Looking, then, to the pleadings, it seems to us clear that the nature of the action is very much the same as in the cases of Kennerty v. Etiwan Phosphate Company, 17 S. C., 411, and Hellams v. Switzer, 24 Id., 39; though in the first case cited the object of the action was simply to enjoin the further operations of the works of the defendant, alleged to be the cause of the nuisance complained of, and not to recover damages already sustained, which seems to have been settled under a previous action between the same parties by some compromise. But here, as well as in the case of Hellams v. Switzer, the object of the action is not only to recover damages already sustained by reason of an alleged nuisance kept up and maintained by defendant, but also to enjoin the further continuance of the same.

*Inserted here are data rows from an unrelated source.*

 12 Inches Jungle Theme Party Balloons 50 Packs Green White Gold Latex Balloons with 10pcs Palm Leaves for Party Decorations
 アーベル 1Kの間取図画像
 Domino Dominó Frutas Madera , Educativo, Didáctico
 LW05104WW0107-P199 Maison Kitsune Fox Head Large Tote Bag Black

There can be no doubt that a claim for damages, which prior to the Code would have been enforced by an action on the case, is a purely legal demand, triable by a jury, and the fact that with such demand there was united an equitable demand for an injunction, cannot deprive the action of its nature as an action at law, triable by a jury. Hellams v. Switzer, supra.

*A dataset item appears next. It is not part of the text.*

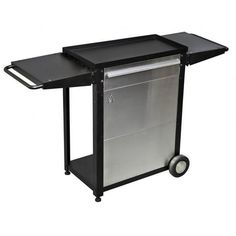 a black and silver cart with wheels on the bottom is holding a tray for food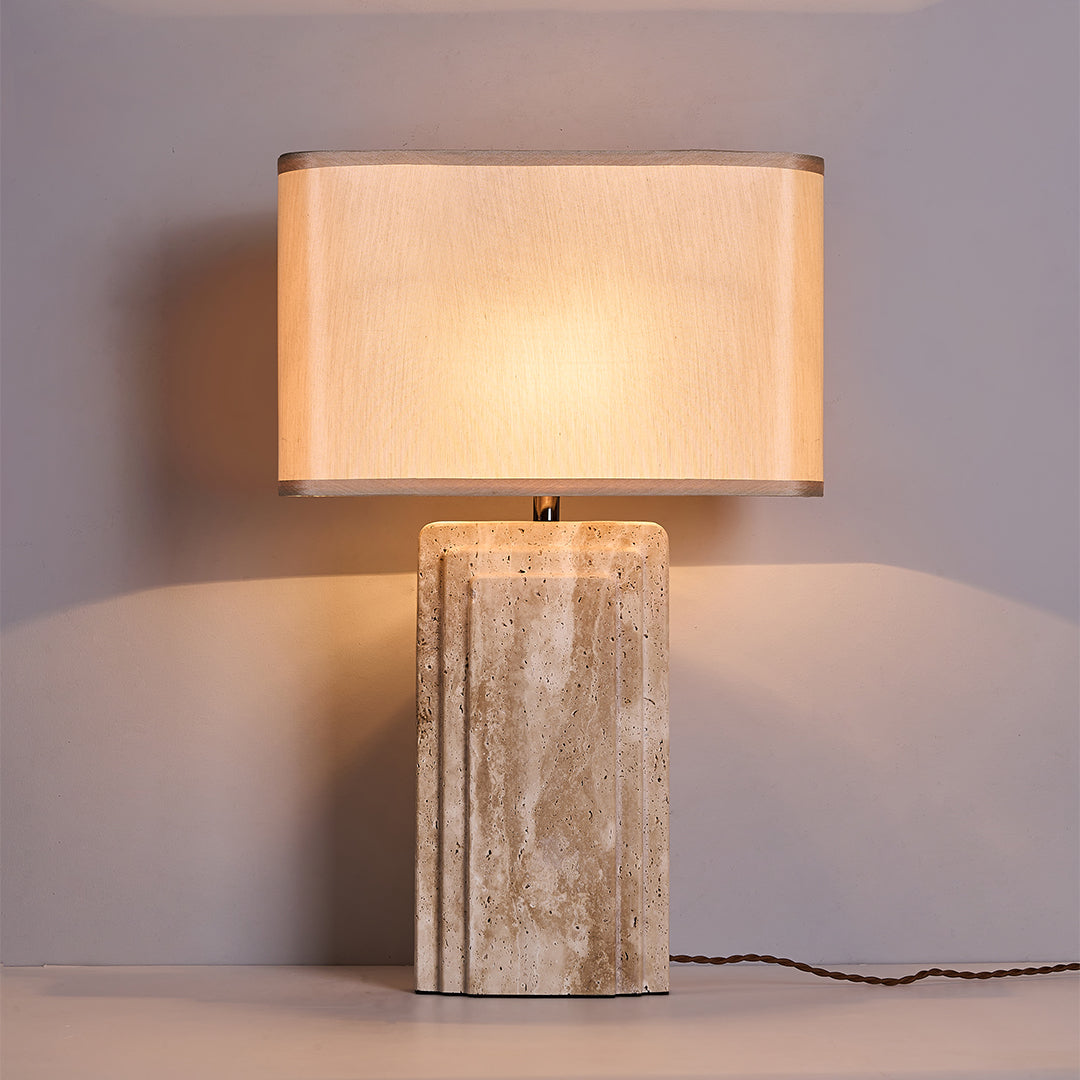 Travertine White Shade Table Lamp JA050 -  Desk\table Lamps - ebarza Furniture UAE | Shop Modern Furniture in Abu Dhabi & Dubai - مفروشات ايبازرا في الامارات | تسوق اثاث عصري وديكورات مميزة في دبي وابوظبي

But, besides this, both of the cases cited hold that where the question of nuisance or no nuisance is put in issue by the pleadings, as it is here, “the Court of Equity is not the appropriate tribunal for the trial of such an issue. In such cases the general rule undoubtedly is that equity will not grant an injunction until the legal rights of the parties are determined, and the fact that a nuisance exists is established in a law court, which is the proper tribunal to decide such questions and measure the damages. The fact of damage is one which the defendant had a right to have'passed upon by a jury, and the right of the plaintiff, in case of success in that issue, to have an injunction against the continuance of the nuisance, was supplementary thereto.” Kennerty v. Etiwan, at page 417. And the same' doctrine is laid down by Mr. Justice McGowan in Hellams v. Switzer, at page 44.

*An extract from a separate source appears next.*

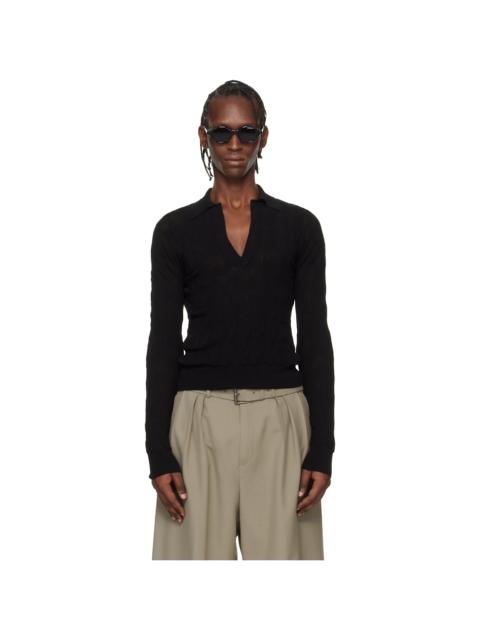 Dries Van Noten Black Knit Polo
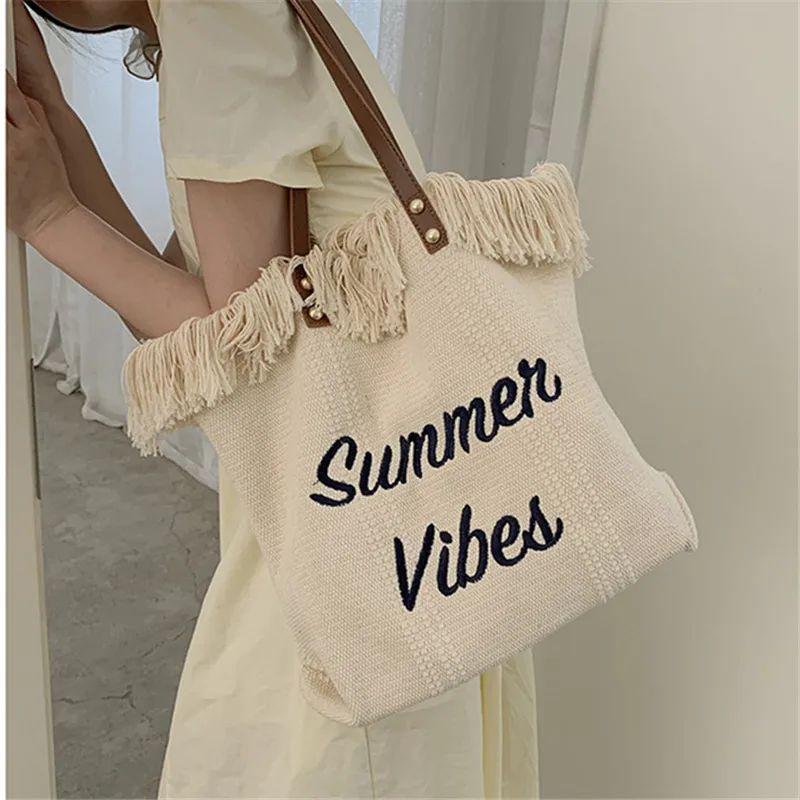 

Casual Canvas Women Handbags Fashion Letters Shoulder Crossbody Bags Female Large Capacity Tote bags embroidery tassel Bag 2022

It seems to us clear, therefore, that the case presented an issue properly triable by a jury, and there was no error in docketing the case on Calendar No. 1. Whether it will not be proper, in the event that the plaintiff shall succeed in establishing the fact of nuisance, and the amount of damages consequent thereon, then to transfer the case to Calendar No. 2, in order that the plaintiff’s claim for injunction may be determined by the appropriate tribunal, is a question not now before us, as the order of Judge Aldrich does not require that all of the issues in the action be tried by a jury; and at all events we will assume that, when the contingency arises, the Circuit Judge will take the proper course to dispose of the demand for injunction.

The judgment of this court is, that the order appealed from be affirmed.